Mention the term "Big Data," and most people's eyes glaze over. One can imagine from their vacant stares that they have transported to "The Matrix," and a series of ones and zeros have begun to scroll by in an infinite number of rows and columns.
If you think about data as it is laid out on a spreadsheet, then Big Data is not just about lots of rows. It's not just about having more data; it's about knowing enough about each data point so we can understand what actually matters. In fact, all the excitement is actually about the columns. It's a subtle point--but the reason machine learning is making an impact here is because it is able to look across thousands of columns, or to use machine learning lingo – "features" – and identify which ones matter or have predictive power.
In "Moneyball," for example, this involved learning that the feature "on base percentage" mattered disproportionately. To know this, "on base percentage" had to first be something that was measured, so statisticians could realize that it mattered. Similarly, the earliest work on facial recognition "eigenfaces" started with a dataset of 300 "features" and "learned" that only 12 features were needed to reconstruct a face recognizable by a person.
Collecting data on as many features as possible is crucial to broadening the scope of potential inputs and independent variables driving results. Organizations often collect data, but they overly emphasize the collection of rows rather than columns. More data is not big data. They collect occurrences of data rather than potential causal inputs.
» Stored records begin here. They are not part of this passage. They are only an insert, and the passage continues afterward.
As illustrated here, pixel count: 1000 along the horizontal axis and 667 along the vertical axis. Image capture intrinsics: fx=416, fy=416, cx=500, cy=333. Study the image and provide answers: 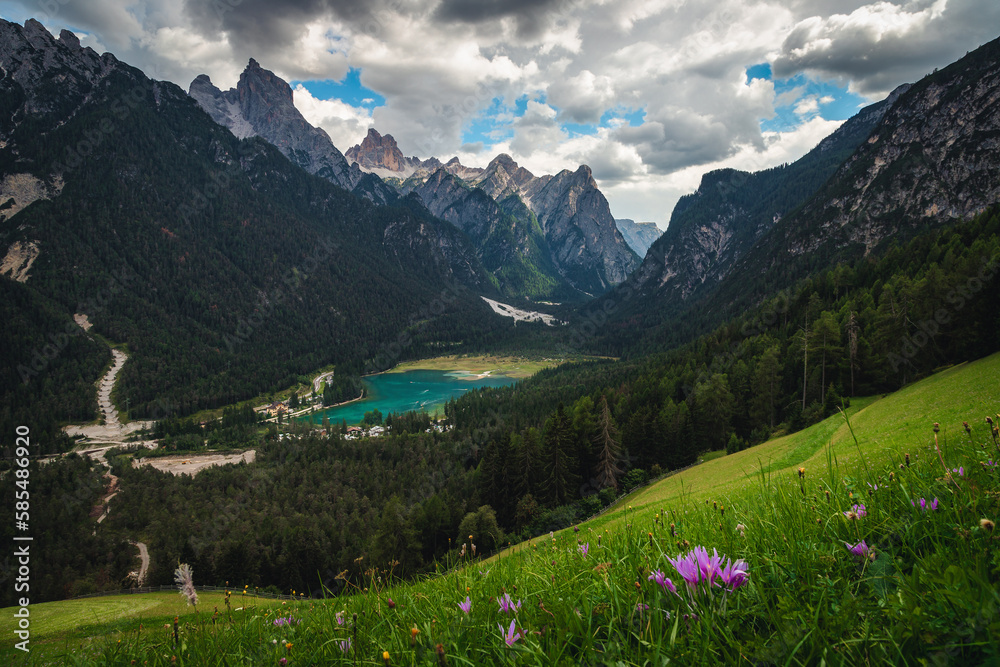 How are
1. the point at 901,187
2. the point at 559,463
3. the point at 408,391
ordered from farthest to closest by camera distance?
the point at 408,391, the point at 901,187, the point at 559,463

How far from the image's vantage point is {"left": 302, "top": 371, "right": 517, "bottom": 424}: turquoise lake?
111 metres

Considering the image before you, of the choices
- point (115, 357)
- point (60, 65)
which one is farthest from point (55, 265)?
point (60, 65)

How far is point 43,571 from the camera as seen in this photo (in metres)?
42.6

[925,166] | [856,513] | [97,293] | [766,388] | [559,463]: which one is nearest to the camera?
[856,513]

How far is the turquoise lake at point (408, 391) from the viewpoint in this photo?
363ft

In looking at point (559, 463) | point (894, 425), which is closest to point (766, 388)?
point (559, 463)

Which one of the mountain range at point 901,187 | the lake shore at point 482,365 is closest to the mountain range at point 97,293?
the lake shore at point 482,365

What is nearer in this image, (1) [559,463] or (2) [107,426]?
(1) [559,463]

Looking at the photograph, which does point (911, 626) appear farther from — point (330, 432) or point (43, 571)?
point (330, 432)

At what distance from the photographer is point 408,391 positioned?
5182 inches

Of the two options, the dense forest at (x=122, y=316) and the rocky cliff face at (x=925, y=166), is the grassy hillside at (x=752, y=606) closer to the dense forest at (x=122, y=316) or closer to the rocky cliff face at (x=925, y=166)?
the dense forest at (x=122, y=316)

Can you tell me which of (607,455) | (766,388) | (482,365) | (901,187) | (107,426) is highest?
(901,187)

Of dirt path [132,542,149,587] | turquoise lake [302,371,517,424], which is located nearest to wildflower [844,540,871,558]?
dirt path [132,542,149,587]

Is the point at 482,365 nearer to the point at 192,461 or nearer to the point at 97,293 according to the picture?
the point at 192,461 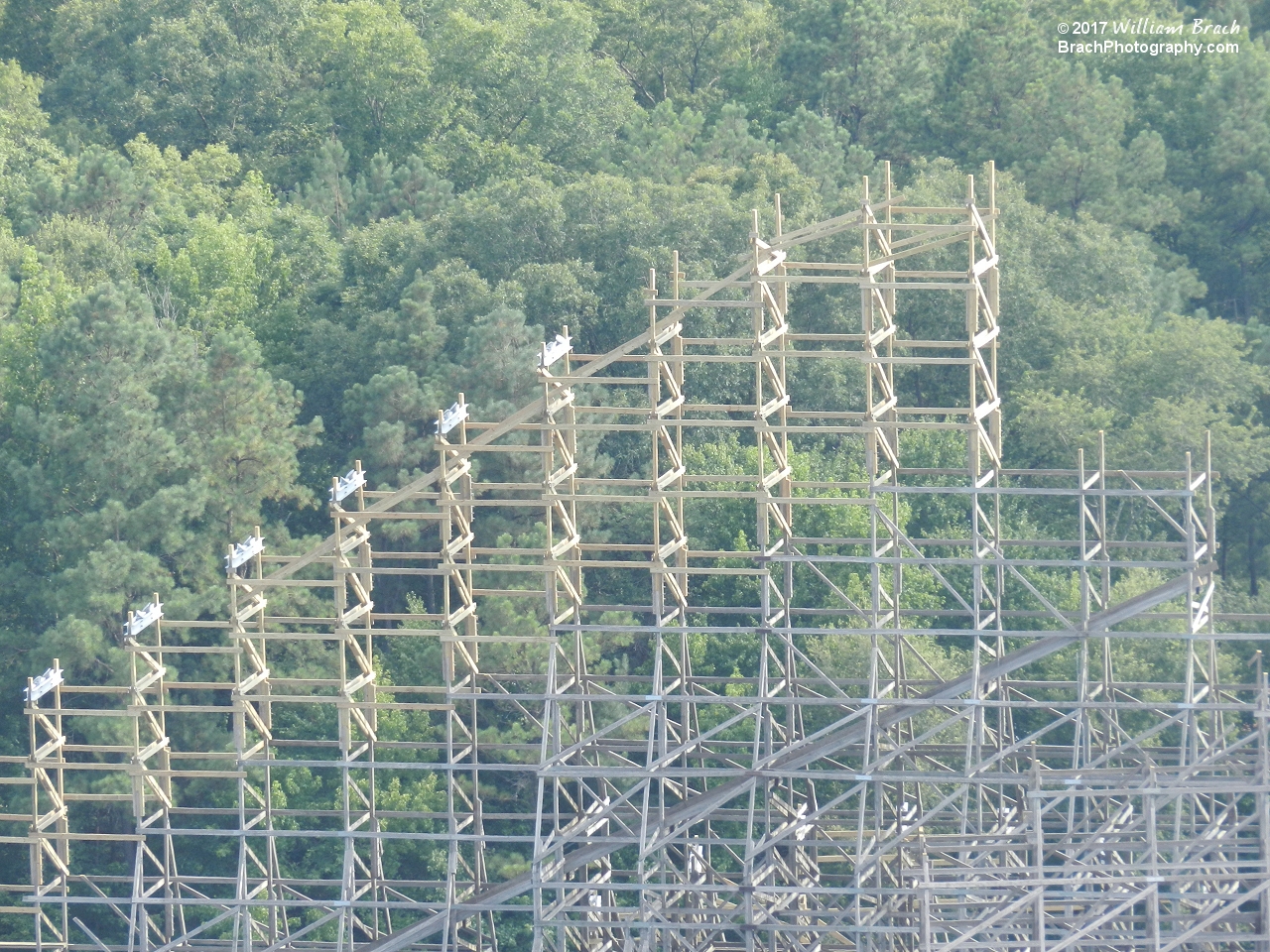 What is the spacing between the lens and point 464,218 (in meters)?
63.4

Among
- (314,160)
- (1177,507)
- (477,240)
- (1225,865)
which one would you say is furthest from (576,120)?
(1225,865)

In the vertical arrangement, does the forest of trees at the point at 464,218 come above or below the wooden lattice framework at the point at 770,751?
below

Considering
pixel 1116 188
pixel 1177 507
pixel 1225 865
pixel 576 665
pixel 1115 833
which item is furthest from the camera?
pixel 1116 188

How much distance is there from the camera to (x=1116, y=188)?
70375 mm

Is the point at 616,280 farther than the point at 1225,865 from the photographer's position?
Yes

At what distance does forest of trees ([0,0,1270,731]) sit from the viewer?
5744 cm

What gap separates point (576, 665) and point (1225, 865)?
376 inches

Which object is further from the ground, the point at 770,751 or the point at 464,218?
the point at 770,751

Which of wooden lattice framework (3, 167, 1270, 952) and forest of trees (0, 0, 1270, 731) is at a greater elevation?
wooden lattice framework (3, 167, 1270, 952)

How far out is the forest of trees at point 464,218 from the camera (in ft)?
188

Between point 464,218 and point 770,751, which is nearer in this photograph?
point 770,751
They aren't testing hypotheses; they're collecting data exhaust.
The web is our largest repository of digital information, making it one of the best places to look for more features on almost anything. There are fundamentally two ways to extract data from the web and add it to your "spreadsheet". One is manual--this scales up by building an team of data entry professionals, often in India or the Philippines to visit websites and type relevant data into a database. The other method involves hiring programmers to write web scrapers and web crawlers (or in a tiny amount of cases, use APIs where they exist) to automatically get the data. Neither method works particularly well, and both have limits on the scale of data collection that is feasible.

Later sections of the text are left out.